The beggar is not Christ, as some of the nuts in the Novus Ordo used to
claim. However, Christ lets the poor stand in His place, so we have needy
persons to assist by our alms giving.
I shall make an observation. When a child gets to the age when he or
she can baby-sit he gets his first bit of money. Some of them come freely
and give some of that to the priest. They turn out well. However, I have
observed with sadness that others use their first bit of money on themselves
in a selfish way. They grow up, go to college, and leave the Church to
the great sadness of their parents and the Catholic community. Why! It
is because they never considered giving to the Church or to those less
blessed than themselves.
We are in the holy season of Lent. Let us consider the words of the
Breviary, taken from the first Epistle of St. Peter, for Compline each
day. In chapter 5, 8-9 he says, "Be sober and watch; because your adversary
the devil, as a roaring lion, goeth about seeking whom he may devour. Whom
resist ye, strong in faith; knowing that the same affliction befalls your
brethren who are in the world."
English – the Third Official Language of the Church
I bring this topic before you as something to think about and pray about.
If the English language is ruined (by such things as "Ebonics"), then all
the wonderful expression in the English language will be lost to posterity.
Let me explain.
When I went to the Ryukyu Islands as a missionary in 1948 there were
practically no Catholic books in existence. Gradually, paper back books
were produced, and the Catholics loved them. That honeymoon ended in about
sixteen years. The young people came to me and asked for new books on the
same topics. Why? Because they could not read the Japanese characters in
them. The younger generation asked me to give the older books to the older
generation who can read them. The younger people knew only the simplified
characters. The younger people were cut off from nearly all of the learning
of former generations, and they were not happy about it.
The Japanese characters change so much that all ecclesiastical document
and records must be kept in the ABCs. Standardization in language is most
important. The Church saw that Latin became the almost perfect avenue of
learning. By taking Latin, as it was, for its official language, the Church
used Latin in all Her doctrines and other liturgy so that it can forever
be understood. If the Catholic Church now takes perfect English in the
written word and in the spoken word, it will do a great service in preserving
learning as it is in books all over the world. Furthermore, even if the
crack-pot educators ruin the English language the learning in billions
of books will still be understood by means of the English language as it
is preserved in the one, holy, catholic and apostolic Church. We will have
the key to all learning both in the Church and in the civil order.

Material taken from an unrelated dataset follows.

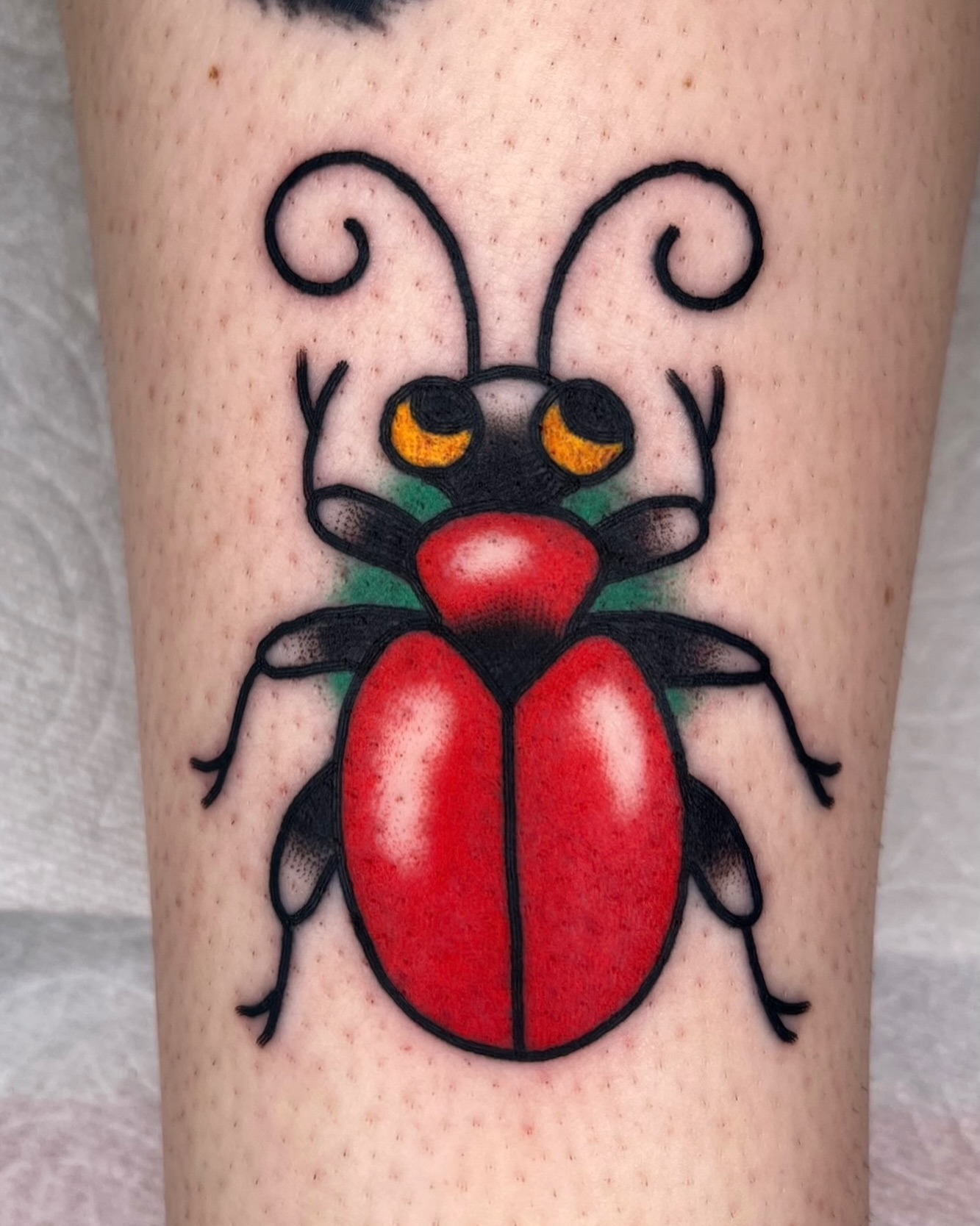 Tattoo by @its_raw_banana_ — american_traditional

English is the world language today. Every airplane pilot and every
airport tower on earth is mandated to use only English. We are leaving
the tower of Babel behind, but the storm clouds of destruction are looming
over-head. Our opportunity to be the greatest benefactor in the service
of communicating truth to the world is before us. Our Lord told us that
He is the way, the truth and the life. Pray that God may enlighten and
strengthen those in charge of this momentous decision - so extremely important
for harmony on earth and for the salvation of immortal souls.
May the grace and peace of our Lord, Jesus Christ be with
each one of you. You are in my prayers and Masses. Please pray for me.